Guidance for effective practice:
- Continually develop your personal deep and connected knowledge of mathematics and statistics using a variety of sources, including communities of teaching colleagues, consultants/facilitators, online resources, and books, and by actively listening to the ideas of your ākonga.
Kasie is new to teaching at Year 8. Her previous experience was in Junior classes. She would like to teach in the same investigative and interactive way with her older students.
Kasie is aware that her own personal knowledge about concepts like decimals, percentages, fractions, and integers is a bit ‘rusty’ and she is concerned about being able to understand the ideas that her students suggest. After talking to colleagues Kasie finds that she is not alone. Many other teachers in her school find mathematics challenging to teach.
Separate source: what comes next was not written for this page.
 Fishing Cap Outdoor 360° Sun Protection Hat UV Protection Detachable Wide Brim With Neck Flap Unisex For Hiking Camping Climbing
To improve her personal knowledge, and that of her colleagues, Kasie sets up a study group.
Every two weeks four colleagues, Kasie, Moses, Ella, and Lelani, meet to plan their next unit together. This week the unit is about patterns and relationships (Algebra). The teachers start by working through an e-ako module from PLD360, hosted on nzmaths. The module, called Relations, graphs and linear equations, develops their own personal knowledge of algebra. It gives them feedback on their answers and provides many examples of patterns they can use with students in their upcoming unit.
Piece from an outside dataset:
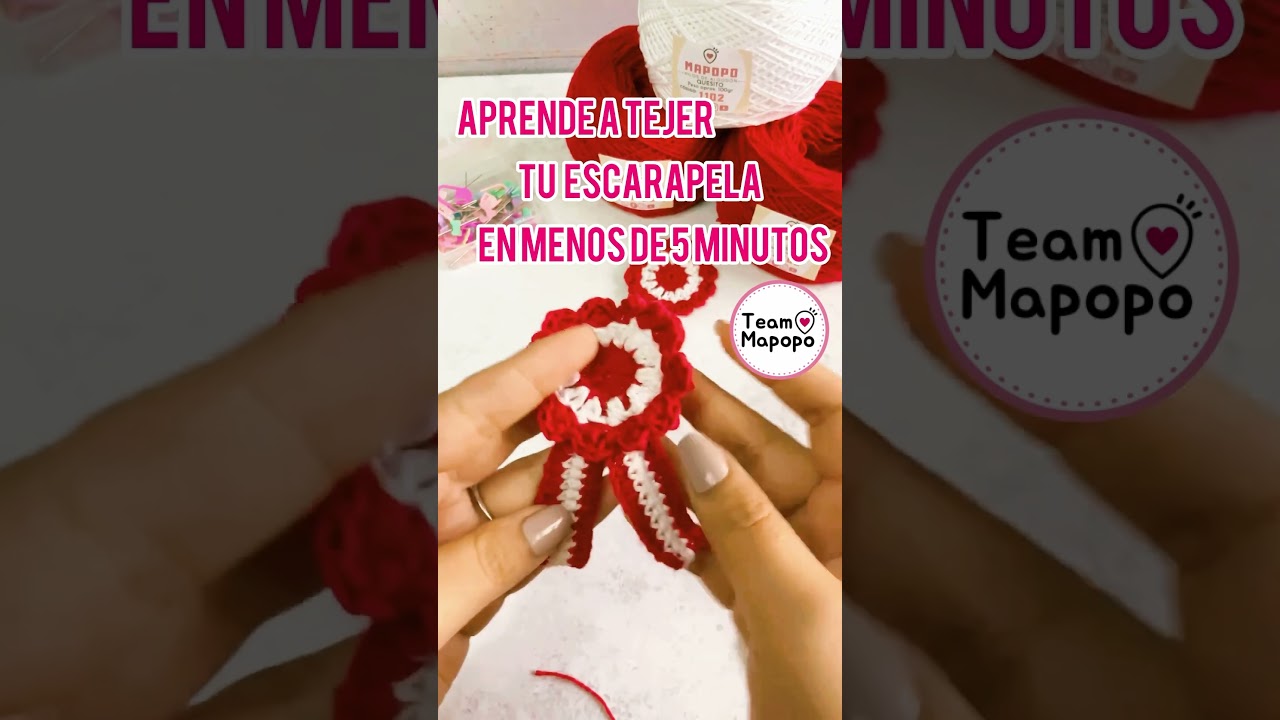 TUTORIAL CROCHET | ESCARAPELA EN 5 MINUTOS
Using the long term plan for Level 4 they locate a unit called Solving Linear Equations that is suitable for students in their class. Collectively the study group work through the unit plan and discuss the important mathematical ideas that are developed through each lesson.
- Use learning progressions to inform your planning, teaching, and assessment.
Mia has a class of very energetic Year 2 students. The class has a range in current levels of achievement so Mia is conscious of how she can cater for this range. She looks for information about how the ability of children to classify shapes develops. The achievement objectives at Levels One and Two describe sorting shapes by features, with justification, and identifying plane shapes in other objects.
Mia finds that the Learning Progressions Framework for Geometric Thinking, at Steps 1-3, provides clear examples of students’ problem solving to illustrate how classification develops. From her pre-service study, and professional inquiry, she knows that the following phases generally occur:
- Children start classifying when they notice shapes look alike.
- They learn to put alike shapes together based on global appearance.
- They begin to use personal words to describe features, like pointy, straight, and curvy.
- They learn to use mathematical words, like side and corner, to describe why given shapes do or do not belong.
- They learn to sort the same set of objects in different ways, by attending to different features.
Looking online Mia finds many useful activities that use Attribute (Logic) Blocks, her favourite piece of equipment. She chooses Shape Soup, The Difference Game, and Silhouette Puzzles. Mia notices that all the activities can be altered easily to cater for the learning progression she identified.
- Acquire and create a repertoire of adaptable rich examples for important mathematics topics.
Callum is very discerning about the problems he uses with his students. Over his six years of teaching Callum has collected and made up a lot of examples. Some survive and many are discarded. But he is always on the hunt for more, and he has a filing system on his computer to store them. Many of the best problems are made up by previous students and he has books of student-made problems about topics, like probability, symmetry, and fractions.
One of Callum’s favourite ways to create group worthy examples is to start with a regulation textbook problem and ‘open it up.’ In a Figure It Out book, he finds this activity called Getting in Shape.
The problem requires students to recreate the whole shape, given one quarter of it. There are already plenty of possible shapes that can be made. To open the problem further and move beyond quarters, Callum changes the problem to this:
“Imagine there are many species of fraction bugs, like the two thirds bug, the three fifths bug, and the five eighths bug.
Choose a shape from the set of pattern blocks. If that is what each bug leaves behind, what does the whole shape look like. Find as many answers as you can.”
Callum expects that students will need to make sense of less common fractions to solve the problem. The demands of the problem will encourage students to connect fractions and compositions of shapes.